Rearden, however, was persistent, Brunsmann says. Every day, he argued with her about continuing her treatments, and even reached out to one of her friends, a physician in north St. Louis, to see if she could convince her to change her mind.

Brunsmann says she finally caved and agreed to return to chemotherapy. Her sessions lasted for another few months, and she convalesced until October, under the care of her sister, Sharon – a nurse – and her brother.

After recovering from her treatments, Brunsmann returned to teaching, this time at a school for under-privileged girls. She didn’t know that she was only enjoying a brief period of respite between two different cancers.

In 2002, a CT scan revealed an abnormality in Brunsmann’s upper body. She was sent to Barnes-Jewish Hospital for a PET scan, which found Hodgkin lymphoma in her neck. It’s incredibly rare for patients to develop both Hodgkin and non-Hodgkin’s lymphoma, and Rearden was determined to learn why this had happened to her. Brunsmann’s celiac disease, he discovered, may have been a contributing factor.

“Dr. Rearden called the top specialists in the country, and that’s when a doctor told him celiac and lymphoma were like this,” Brunsmann said, crossing her fingers.

Rearden prescribed another round of chemotherapy. This time, however, Brunsmann knew what she was facing.

“The first was the worst, so it didn’t bother me,” she said. “I took it in stride.”

She had a similarly good-humored attitude when she was diagnosed with tongue cancer in 2016.

“The doctor keeps saying, that’s unusual, and I say, ‘that’s my middle name,’” she said.

She has high praise for the care she has received from Rearden.

“You’re a real person that he learns from and keeps going,” she said, describing how Rearden has gone on to diagnose several more lymphoma patients with celiac disease after handling her case.

Brunsmann’s three bouts with cancer were tough on her body. Though Rearden worked to protect her from the worst effects of the chemotherapy, she still suffered a loss of lung function and congestive heart failure. Recently, she underwent an operation to replace her aortic valve.

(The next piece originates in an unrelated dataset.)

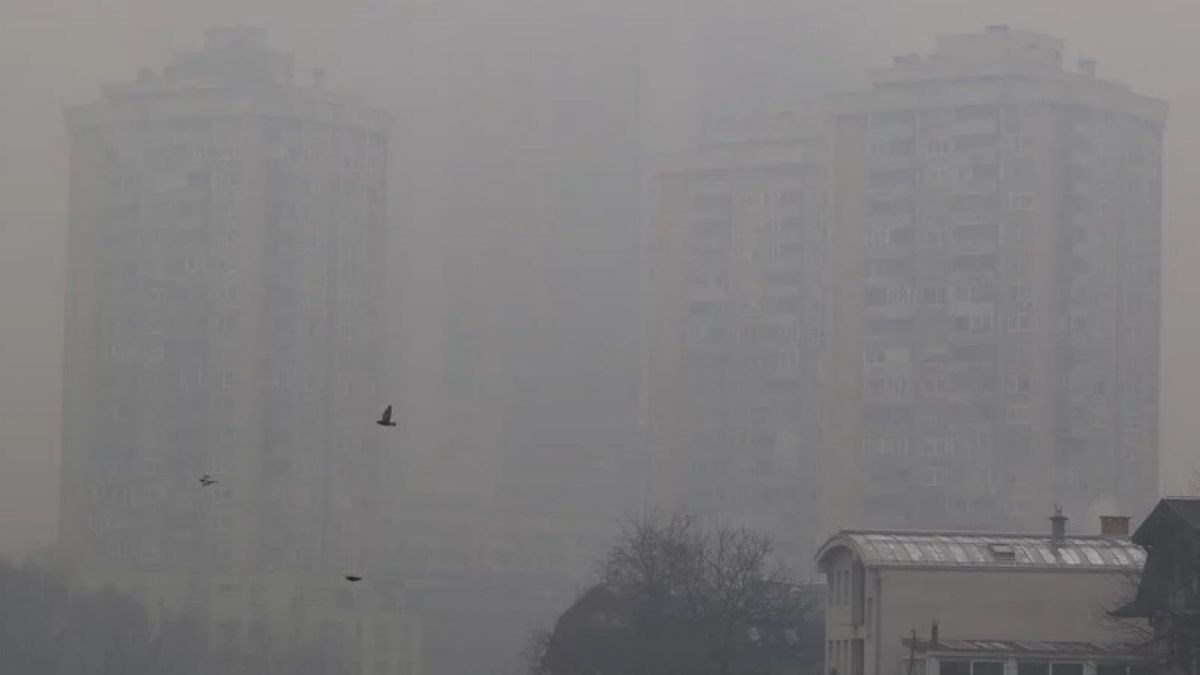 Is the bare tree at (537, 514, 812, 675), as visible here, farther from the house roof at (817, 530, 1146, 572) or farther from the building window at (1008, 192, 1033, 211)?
the building window at (1008, 192, 1033, 211)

Brunsmann credits her regular physical fitness routine with keeping her on her feet. Back in 2001, shortly after surviving non-Hodgkin’s lymphoma, she began riding her bike to the school where she was teaching. The trip was 6 miles both ways, and it helped Brunsmann recover her strength after her first course of chemotherapy.

Since then, Brunsmann has continued to make fitness a priority.

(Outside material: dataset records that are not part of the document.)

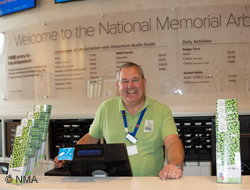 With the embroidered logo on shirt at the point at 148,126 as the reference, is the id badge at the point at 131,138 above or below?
below

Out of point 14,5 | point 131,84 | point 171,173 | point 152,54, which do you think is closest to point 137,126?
point 131,84

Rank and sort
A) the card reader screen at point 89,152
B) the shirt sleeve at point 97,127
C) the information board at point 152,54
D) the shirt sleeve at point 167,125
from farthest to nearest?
1. the information board at point 152,54
2. the shirt sleeve at point 97,127
3. the shirt sleeve at point 167,125
4. the card reader screen at point 89,152

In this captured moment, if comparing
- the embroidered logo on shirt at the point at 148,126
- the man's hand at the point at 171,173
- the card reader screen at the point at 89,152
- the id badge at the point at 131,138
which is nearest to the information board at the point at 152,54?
the embroidered logo on shirt at the point at 148,126

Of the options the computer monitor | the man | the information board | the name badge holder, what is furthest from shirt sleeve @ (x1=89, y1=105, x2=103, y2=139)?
the information board

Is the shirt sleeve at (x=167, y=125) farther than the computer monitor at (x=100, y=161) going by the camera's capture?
Yes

“I taught myself to do push-ups, real ones, at 61 or 62.  I was walking 4 to 6 miles every day, until my aortic valve kept getting worse and worse,” she said.

Yet even the aortic valve replacement didn’t slow her down much – less than two weeks after the procedure, she was already walking a mile and a half in the mornings.

Brunsmann also hasn’t hesitated to lean on others for support. As a religious sister, she freely asks people to pray for her and often taps into the global network of School Sisters of Notre Dame for spiritual help.

“It’s the other people who help us to not be depressed – to call us to be better,” she said.

Today, 20 years after her first cancer diagnosis, Brunsmann teaches PE and sometimes health education at Ste. Genevieve Du Bois of the Woods in west St. Louis County. She has no plans to stop.

“I’ve got more children to teach, more things to do,” she said.